Mengemas Potensi Kota Medan dengan City Branding

Oleh: Edrida Pulungan SE., S.Pd., MHi. Sudah tau kota Medan”. Itulah Bahasa kata-kata yang terbaca jelas di bagian belakang kaus khas Medan yang dipakai se­orang anak muda di sudut bandara Kuala­namu Airport yang sempat saya lihat bulan lalu dalam perjalanan soft launching buku saya menuju Brunai Darussalam, salah satu kota ASEAN yang termasuk nyaman, bersih dan indah. Pemandangan tersebut tentu menarik dan melahirkan inspirasi tentang branding suatu kota sebagai promosi berjalan tanpa kita sadari. Memang setiap kota selalu punya khas dan kita tentu senang jika bisa mengenal kota-kota di Indonesia yang semakin berlomba dan bergeliat menunjukkan kekhasan dan jati dirinya agar tumbuh sebagai kota yang maju, sejahtera, kreatif, berbudaya serta humanis.

Nah Kota Medan adalah kota pertama yang akan saya ulas karena berada diujung Sumatera dan saya hampir menghabiskan sepuluh tahun tinggal di kota ini saat menempuh pendidikan di dua kampus negeri ternama di Medan yakni kampus Universitas Sumatera Utara dan Kampus Universitas Negeri Medan. Medan dikenal juga sebagai Tanah Deli dimana budaya masyarakat Melayu berakar dan tumbuh. Medan juga termasuk kota terbesar ketiga setelah Jakarta dan Surabaya.

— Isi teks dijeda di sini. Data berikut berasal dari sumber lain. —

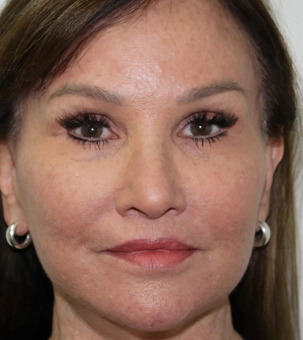 Real patient results in Newport Beach, CA Performed by Boris M. Ackerman MD
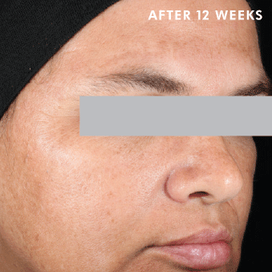 Skinceuticals After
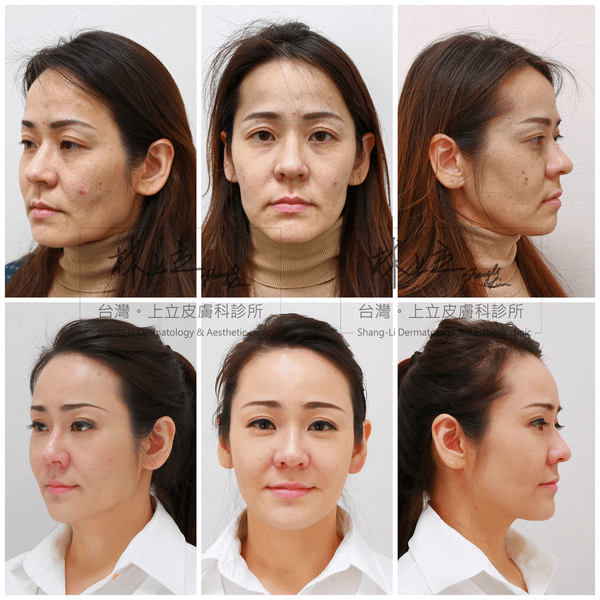 液態拉皮上立提膠原增生劑洢蓮絲舒顏萃童顏針少女針3D聚左旋乳酸sculptra依戀詩ellanse林上立醫師3.png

City branding dipahami sebagai sarana baik untuk mencapai keunggulan kompetitif dalam rangka meningkatkan investasi ma­suk dan pariwisata, dan juga untuk mencapai pembangunan masyarakat, memper­kuat identitas lokal dan identifikasi warga dengan kota sekitar.

Pembangunan kota memang tidak melulu hanya membangun fisik dan infrastruktur serta pencitraan yang baik. Namun juga mem­bangun masyarakat yang ada didalam­nya dengan perubahan paradigma kesadaran sebagai penghuni kota dan bagian dari ma­syarakat yang berperan serta dan turut ber­tanggung jawab memelihara dan men­jaga kotanya.

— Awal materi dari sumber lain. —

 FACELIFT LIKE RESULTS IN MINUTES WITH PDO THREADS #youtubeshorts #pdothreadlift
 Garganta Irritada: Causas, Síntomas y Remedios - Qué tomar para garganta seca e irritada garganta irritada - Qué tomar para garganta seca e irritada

Tren yang ada saat ini adalah setiap dae­rah dan kota bersaing menonjolkan identi­tasnya, mengemas potensi daerah yang dimiliki sedemikian rupa sehingga berbeda dari kompetitornya. Hal ini sejalan dengan amanatUndang-Undang Nomor 32 Tahun 2004 Tentang Pemerintahan Daerah yaitu meningkat­kan kesejahteraan masyarakat sesuai dengan kondisi, kekhasan, dan potensi unggulan daerah yang bersangkutan. Amanat dari peraturan tersebut erat kaitan­nya dengan marketing atau pemasaran dan semakin didukung dengan perkembangan entrepreneurial city.

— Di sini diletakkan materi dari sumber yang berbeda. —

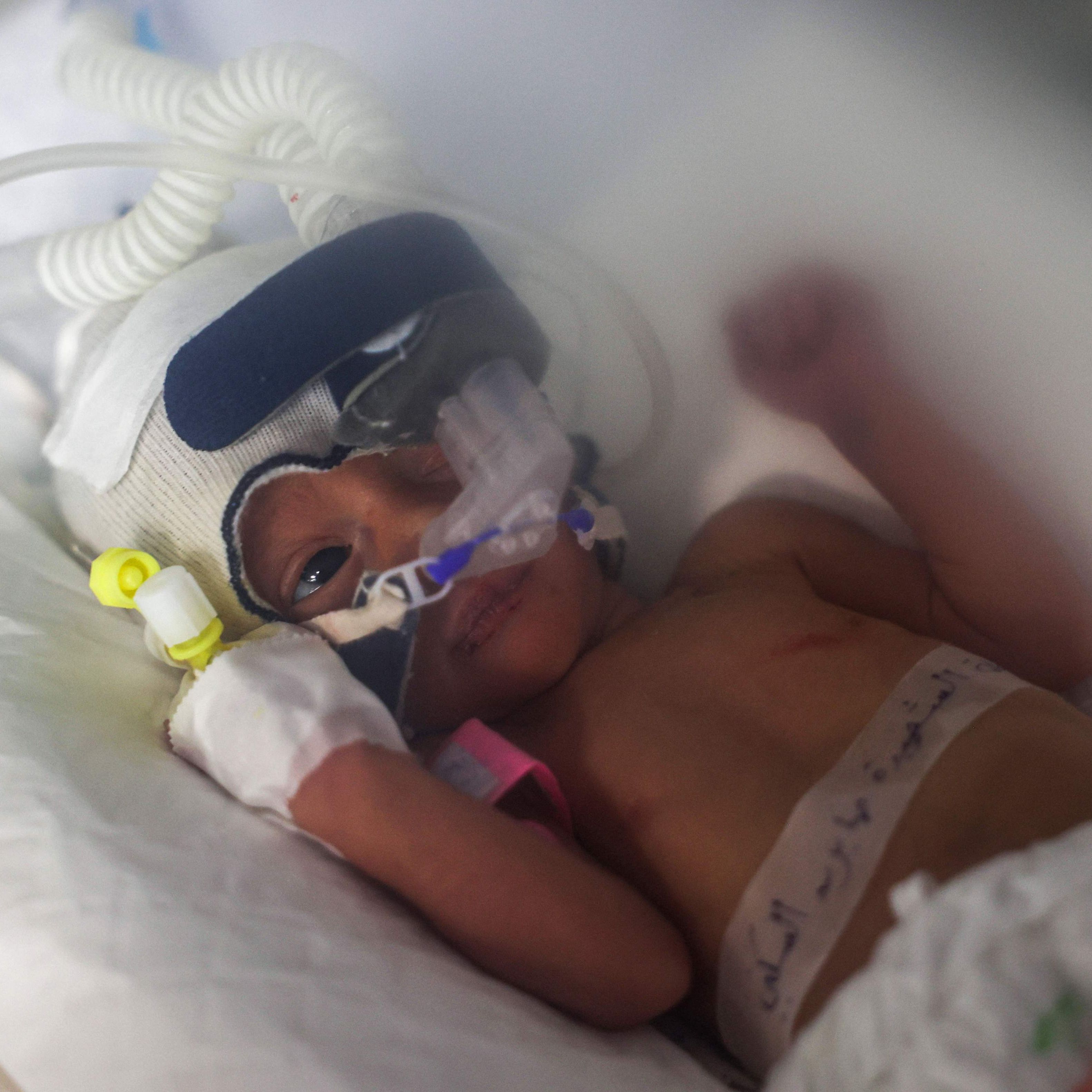 Crónica internacional –  Enfermos crónicos y embarazadas, sin atención médica en Gaza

Tentu saja komponen triple helix antara masyarakat, swasta dan pemerintah harus bisa berjalan beriringan bersama. Sejenak kita harus merasakan imajinasi sosiologis dalam suatu kota dengan penghuni didalam­nya dan membaca kembali kebutuhan masyarakat, wajah serta tubuh kota sebagai rumah yang meraka huni untuk tinggal, bekerja dan mengaktua­lisasikan karya.

Lalu apakah yang menarik dari Kota Medan? Inilah beberapa sisi-sisi pesona kota Medan yang bisa dijadikan acuan menge­mas kota dengan city branding;

Kota dengan Warisan Arsitektur Bersejarah

Perjalanan terbentuknya Kota Medan memiliki nilai perjuangan dan perkem­ba­ngan sosial budaya masyarakat dengan ber­bagai peninggalan berupa artefak, bangu­nan yang mengandung karakter khas lokal ber­nilai sejarah serta nilai pengetahuan yang tinggi baik dari ciri khas arsitektural yang sangat berguna dalam perkembangan ilmu pengetahuan dan kajian sejarah maupun pertumbuhan perekonomian Kota Medan.

Berdasarkan buku Deli: In Woord en Beeld ditulis oleh N. ten Cate menjelaskan Kota Medan telah menjadi kota perda­gangan yang indah dan jaya dengan sebu­tan“Parijs van Sumatera”. Sisa-sisa dari wujud nyata julukan tersebut masih terekam dalam wujud fisik bangunan-bangunan yang berdiri kokoh hingga kini dan telah berumur lebih dari setengah abad bahkan beberapa bangunan telah berumur lebih dari seratus tahun. Medan adalah kota yang kaya dengan hasil pertanian dan perkebunan. Hal itu bisa dilihat dari berbagai sisa peninggalan perusahaan perkebunan yang masih berdiri dan tersisa. Bangunan-bangunan tersebut terekam bersama sejarah perkembangan Kota Medan, meskipun sebagian dari ba­ngunan-bangunan tersebut telah diro­bohkan dan musnah dengan cerita yang tidak bisa lagi kita unggah. Tinggal kena­ngan, kota bergeliat dan kehilangan jati dirinya.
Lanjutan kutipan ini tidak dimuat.